ACM NanoCom 2023

10th ACM International Conference on Nanoscale Computing and Communication

Coventry, UK, September 20-22, 2023

Invited Talks

Invited Talk 1: Toward THz RIS-Parametrized Wireless Networks-on-Chip
Session Chair: Filip Lemic (i2Cat Foundation, Spain)
Time: Wednesday, September 20 - 10:30-11:00 (UTC+1:00)
	Philipp del Hougne CNRS Researcher (Tenured) Université de Rennes France

Wireless networks-on-chip (WNoCs) are a promising complementary interconnect technology to overcome the communication bottleneck of many-core chips. Yet, pecularities of the on-chip radio environment like its strong reverberation still thwart WNoCs. First, I will discuss our recent proposal to endow the WNoC with an on-chip reconfigurable intelligent surface (RIS) to dynamically mold the on-chip wireless channels, e.g., for traffic-adjusted over-the-air channel equalization [1]. Second, I will present our progress toward implementing this idea in the 0.3 THz regime, where the required WNoC bandwidths are more readily available than at mmW frequencies. Third, I will introduce a semi-analytical physical model of RIS-parametrized on-chip wireless channels that allows us (after a calibration step) to rapidly optimize the on-chip RIS configuration for a desired WNoC functionality without requiring numerous prohibitively expensive full-wave simulations.

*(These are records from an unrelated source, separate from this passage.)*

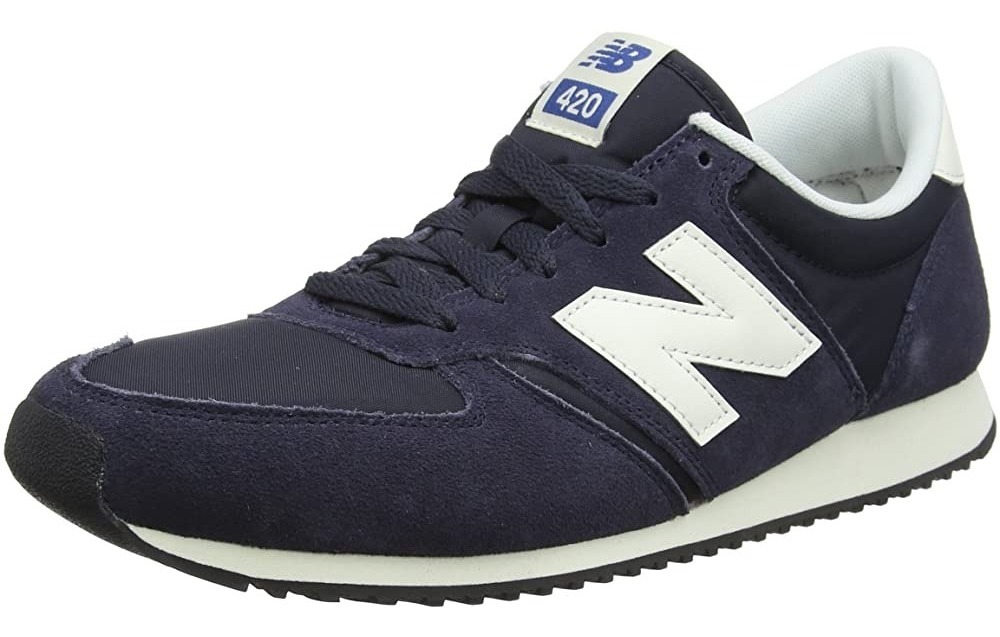 zapatillas new balance u420 hombre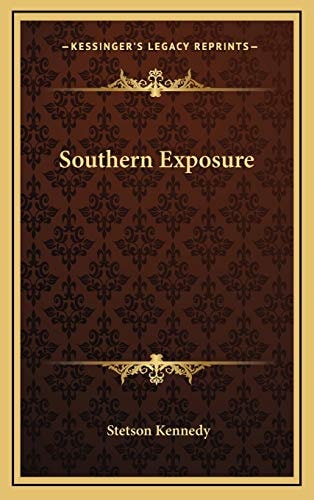 Southern Exposure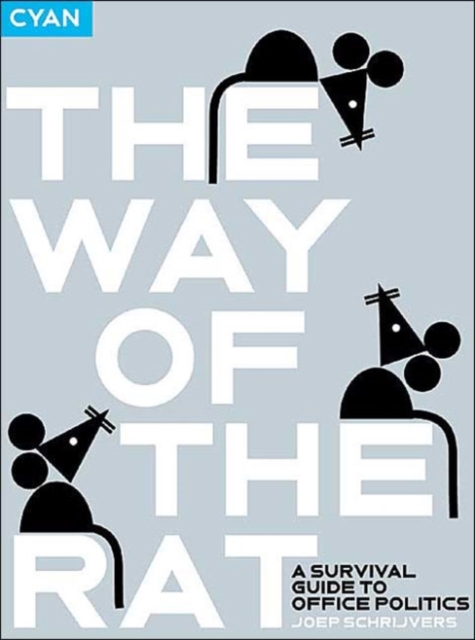 Way of the Rat, Paperback / softback Book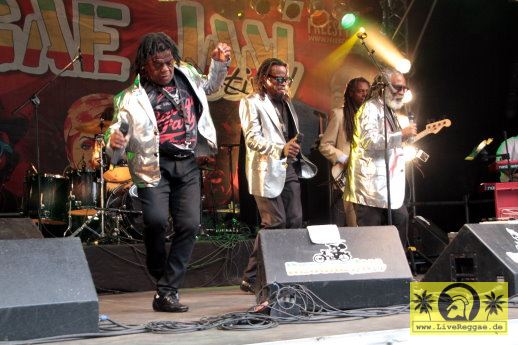 The Silvertones (Jam) 23. Reggae Jam Festival - Bersenbrueck 29. Juli 2017 (16).JPG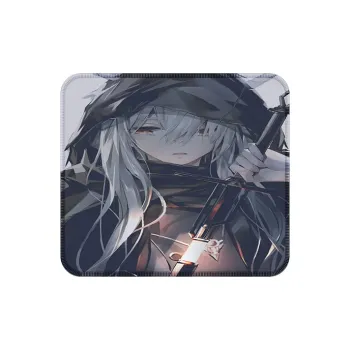 GULAN Mouse Pad Multiple Images Available Gaming Thin Style SJC310 319 Precision Beveled Edge Natural Rubber Sole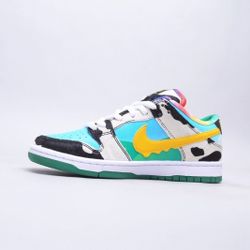Nike Sb Dunk Low Ben and Jerry Chunky Dunky 76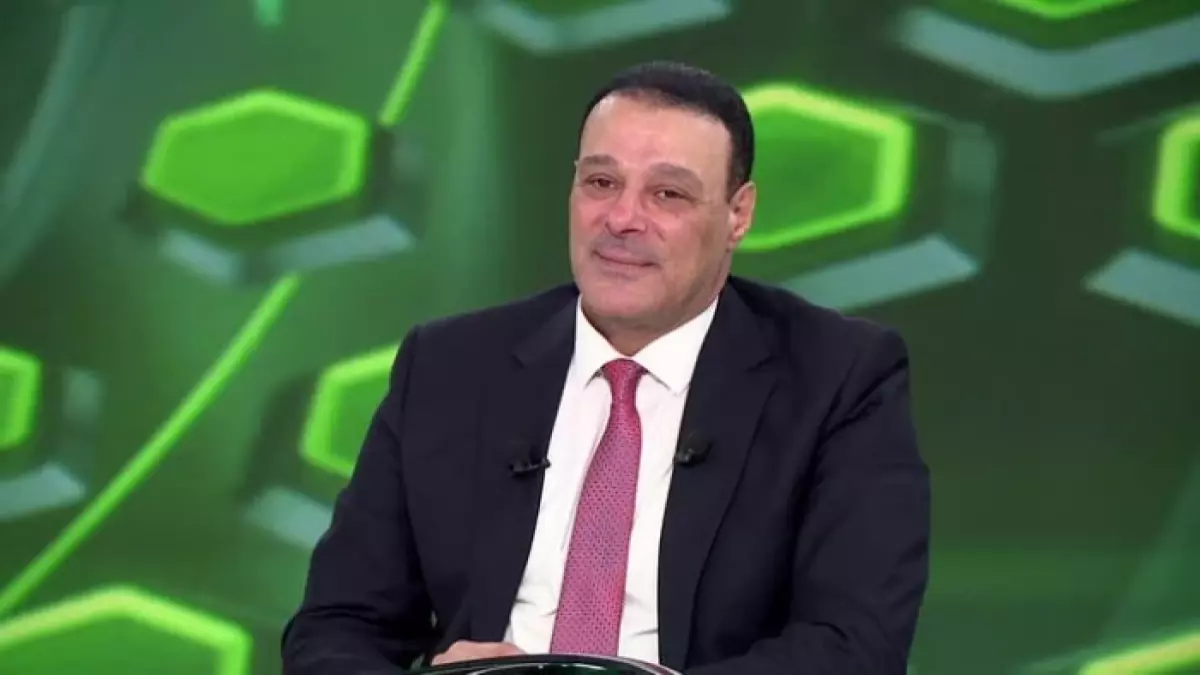 عاجل.. فضيحة تحكيمية! عبدالفتاح يكشف السر: النصر فاز بخطأ صارخ… والعقيدي كان يجب طرده!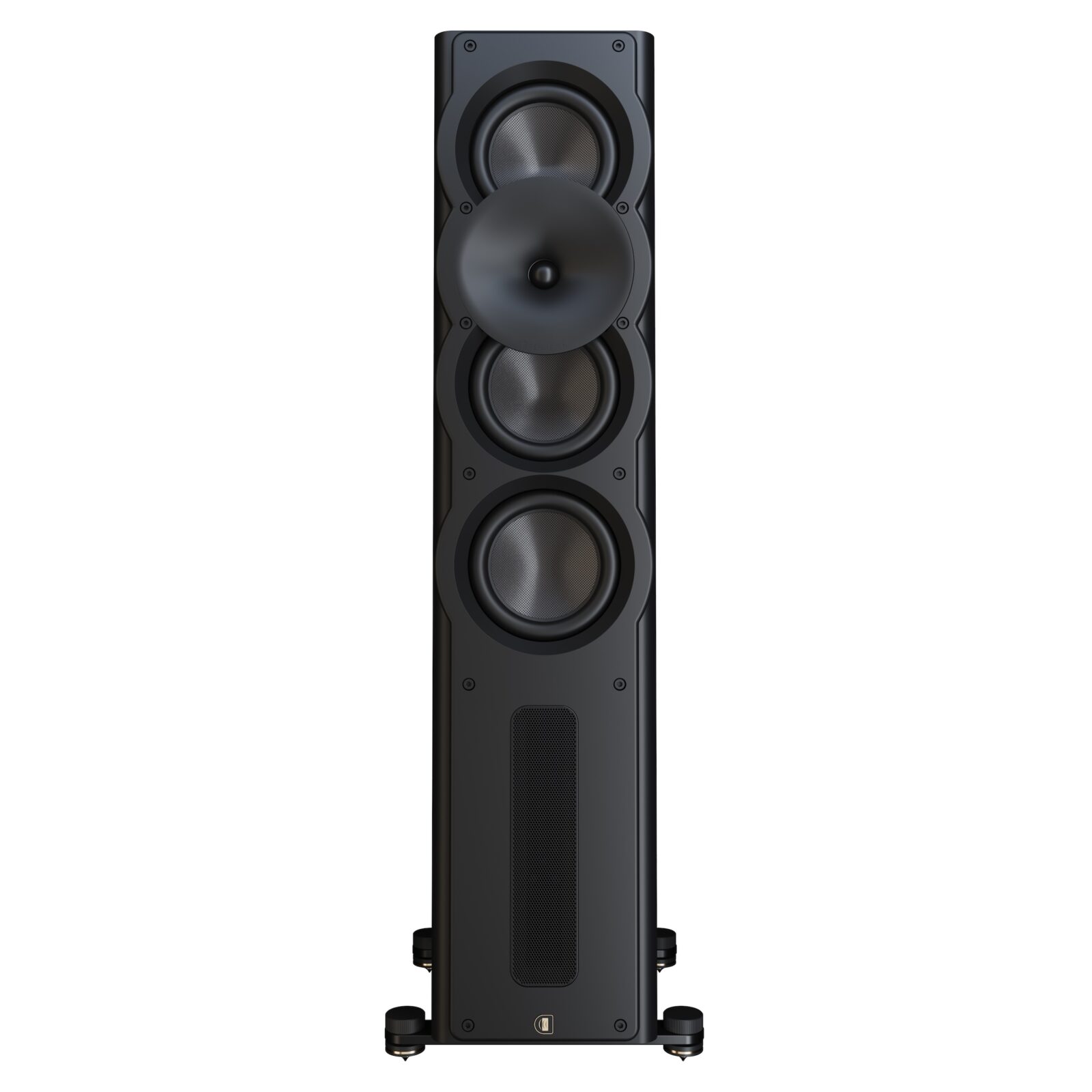 Perlisten Tower Speaker A4t Front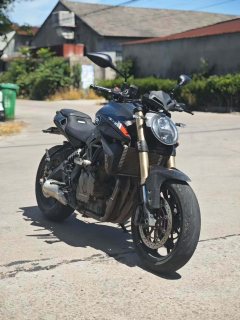 QJMOTOR Chaser 600 - ფოტო 2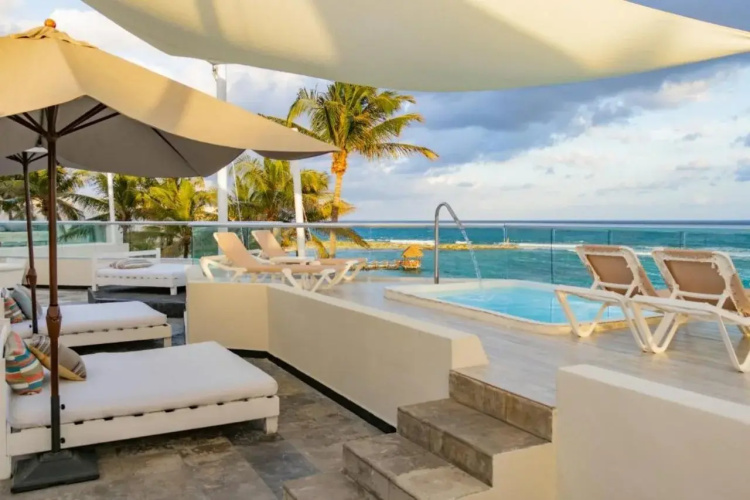 The Sens Riviera By Oasis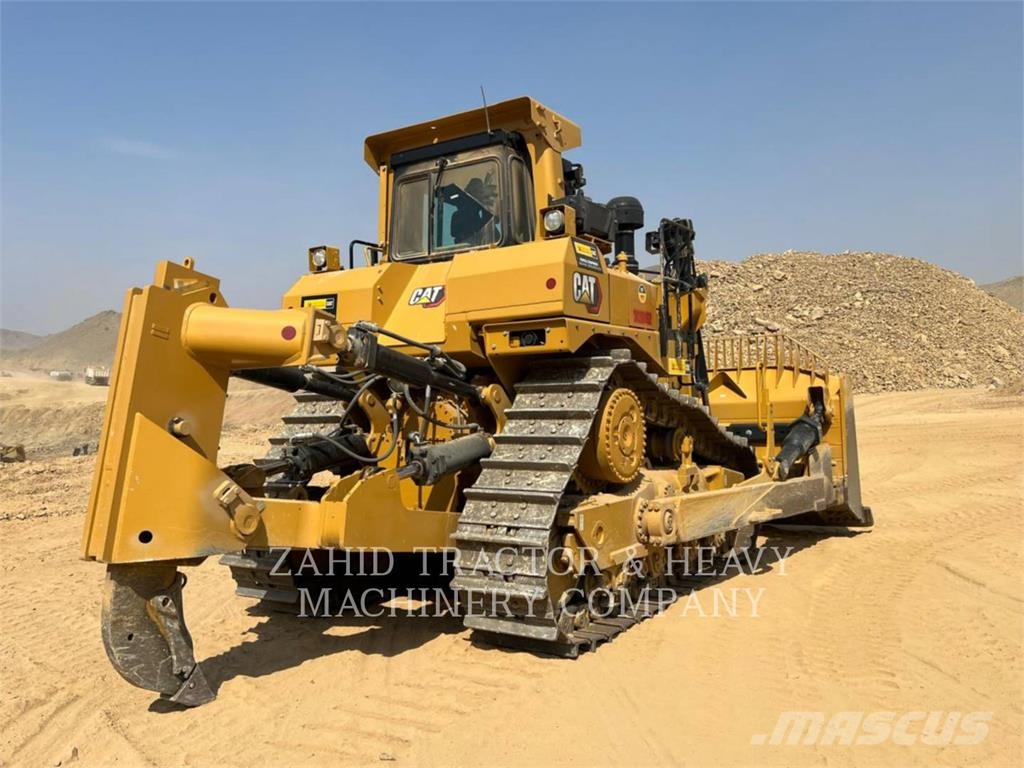 CAT D9-03GC 履帶推土機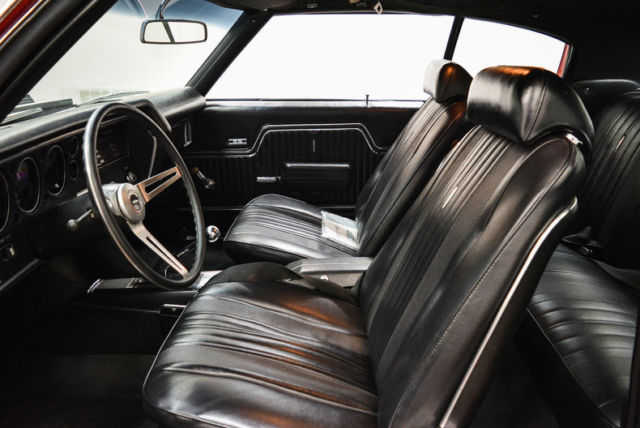 1970 Chevrolet Chevelle -- - photo 13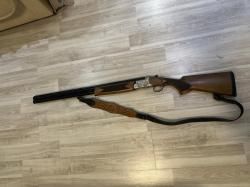 Ружье Kral Tundra A калибр 12/76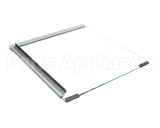 R00.01.0001.00 Hatco Kit,Outer Door Grhd-2P
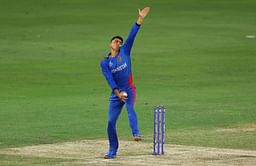 IPL 2022 Auction: 3 teams that will target Mujeeb Ur Rahman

[1] M. F. Imani, S. Abadal, and P. del Hougne. Metasurface‐programmable wireless network‐on‐Chip. Advanced Science, 9(26), 2201458, 2022. https://doi.org/10.1002/advs.202201458

Short Biography
Philipp del Hougne is a tenured CNRS researcher affiliated with the Université de Rennes, France. He graduated in physics from Imperial College London, United Kingdom, and was awarded a doctorate by Université Sorbonne Paris Cité, France. He subsequently held postdoctoral positions in Nice and Rennes, France, and Lausanne, Switzerland.
He currently leads the Intelligent Wave Systems group at CNRS - IETR (Université de Rennes), France, which combines programmable-metamaterial hardware with artificial-intelligence algorithms and mesoscopic-scattering theory to mold the flow of information through tailored wave-matter interactions for information extraction (imaging, sensing, and localization), information processing (analog wave-based computing), and information transfer (wireless communications).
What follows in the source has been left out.